If a visitor to the National Art Gallery of The Bahamas were to wander into the office, which is found on the second floor, and take a turn to the left, one of the first things one would see is a larger than life painting of a gentlemen gazing back at the viewer with a contemplative and peaceful expression on his face. This is Stanley Burnside’s feature piece, “Solomon”.

The viewer might ask, why is he wearing a crown? What’s with the colorful leaves to the upper right of the canvas? Why is the sea only on the right of the gentleman’s shoulder? And the purple to the left, what’s that about? To answer these questions two men of importance need to be briefly mentioned.

The first is the late Macfarlane Gregory Anthony Mackey, also knows as Tony Mackey and known to most Bahamians as the musical performer, Exuma: The Obeah Man. Born in Cat Island, Mackey wrote and sang prolific songs about Bahamian culture that continues to resonate with visitors and Bahamians today.

The second man is King Solomon, credited as the wisest and richest and most powerful king in the Bible.

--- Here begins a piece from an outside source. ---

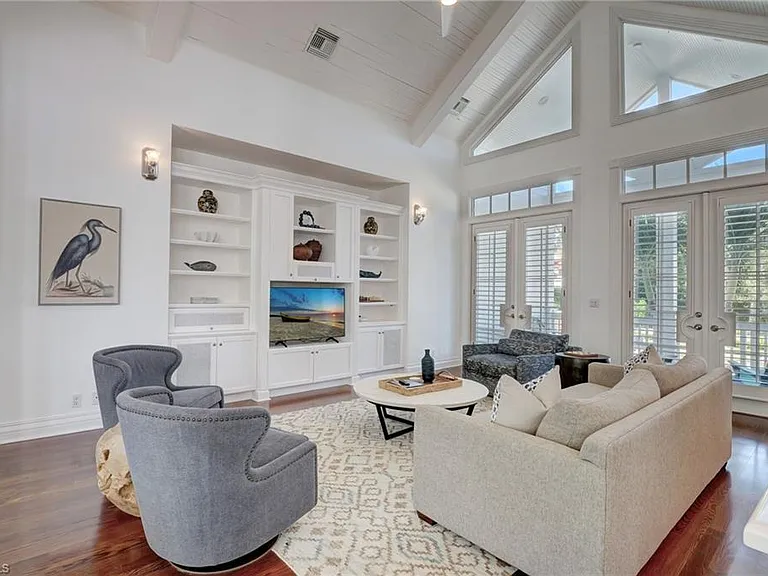 1551 Gulf Shore Blvd S — Photo 18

The dots begin to connect as the viewer gradually sees Mackey through Burnside’s eyes. Burnside creates a bold commemorative piece of art that recognizes Mackey’s memory and status as a leader at what he did. Mackey’s face is given life with the vivid use of color. The yellows and browns seem to reflect the very light of the sun. The artist chose the color purple to fill the space to the left of Mackey’s face, undoubtedly a reference to the esteem Burnside feels Mackey deserves.

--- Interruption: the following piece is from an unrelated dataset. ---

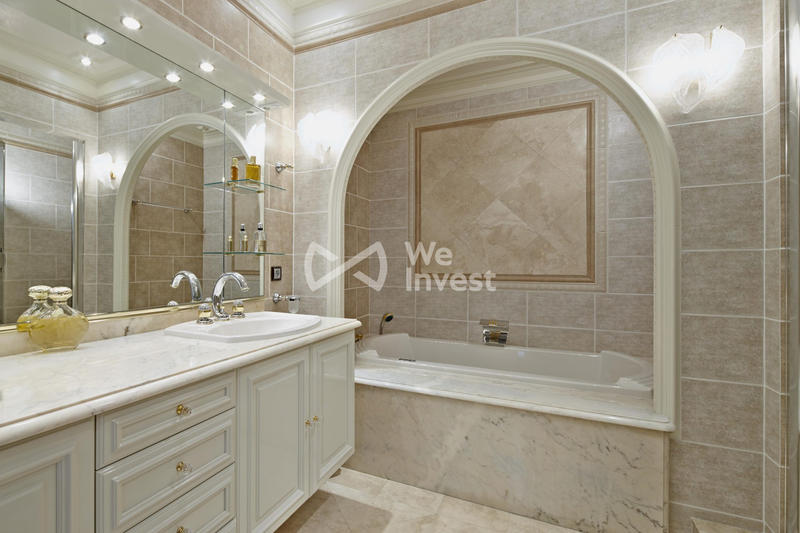 Villa - 296 m² - 9 pièces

The croton leaves, a native plant grown in The Bahamas, are placed to the upper right of the canvas. It would not be too far removed to say that this alludes to the vibrancy of Mackey’s culture and his deep roots in The Bahamas. Behind Mackey’s right shoulder Burnside placed a view of the sea, another clear symbol of Mackey’s Caribbean roots. The viewer shouldn’t ignore the crown that sits snugly over Mackey’s locks, this is Burnside’s assertion of Mackey’s wisdom and kingly status in Bahamian history.

We sympathize with the viewer who pauses expectantly in front of the image waiting on Mackey to burst into song. The peaceful gaze itself readies the viewer for a calm, wise word that only a king could give. Perhaps you’ll have a different experience all together, but there is only one way to find out.